Evaluation of a human peripheral blood NK humanized hIL-15 mouse model lacking murine Fc gamma receptors

Fc gamma receptors (FcγRs) on residual murine immune cells can interact with human IgG-based therapeutics and confound preclinical results. This is critical for therapeutics with human NK cell mediated antibody-dependent cellular cytotoxicity (ADCC) as their primary mode of action. We compared humanization, kinetics, and persistence of NK cell reconstitution in human IL-15-expressing mice with or without FcγRs using intraperitoneal (IP) or intravenous (IV) administration of cells from multiple donors.

Methods: Negatively selected human NK cells were engrafted into hIL-15 NOG or FcResolv™ hIL-15 NOG (FcγR knockout) with identical protocols. Human reconstitution, immune profile and persistence was evaluated via serial blood sampling and terminal collections for blood, spleen, and bone marrow.

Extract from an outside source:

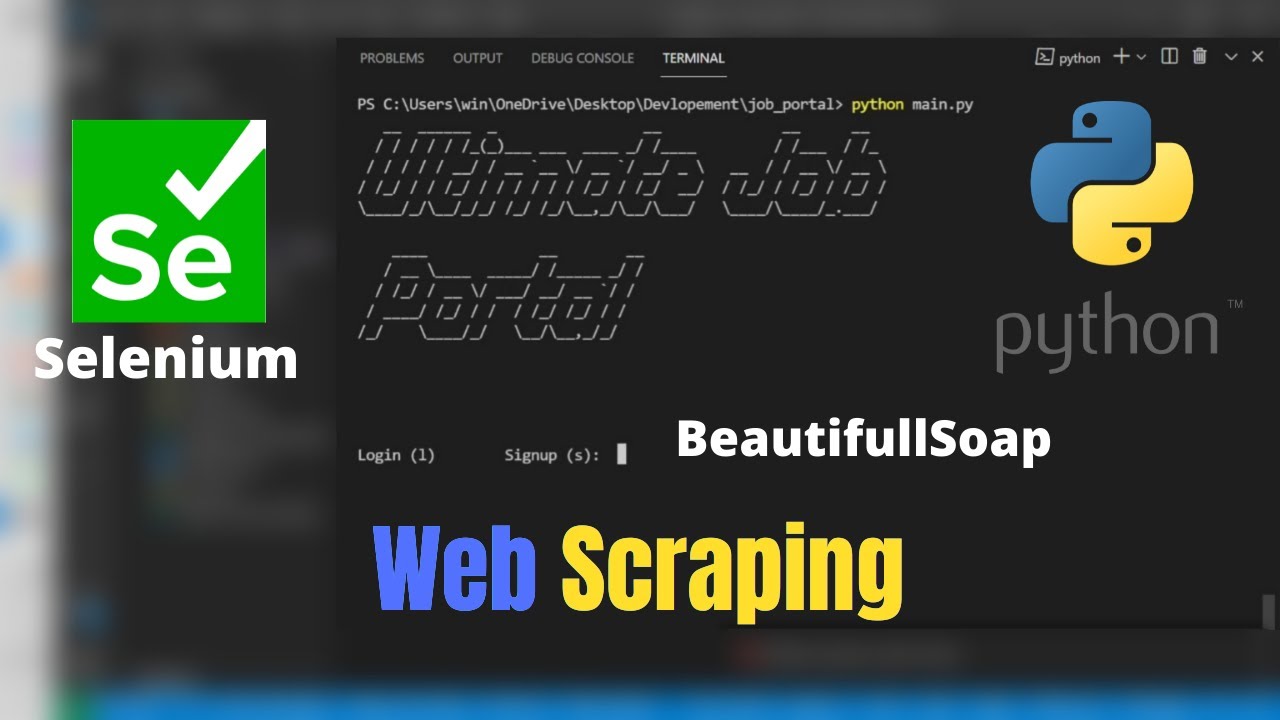 Web Scraping Using Selenium and BeautifullSoap | Jobs Searching using Web scraping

Results: Human NK cell reconstitution and persistence was equivalent between strains. There was a significant difference in the overall chimerism in IV vs. IP administration (IV > IP). There was no significant difference in % body weight, body condition scores, morbidity or mortality across study duration. NK cell persistence and kinetics were consistent between strains, administration, and donors, with a peak at 4-5 WPE and persistence to 12+ WPE in the blood. The dominant circulating NK phenotype was CD56+CD16+.

Conclusions: huNK-engrafted hIL-15 NOG and FcResolv hIL-15 NOG mice provide a 12+ week study window, with equivalent reconstitution, immune profiling and kinetics.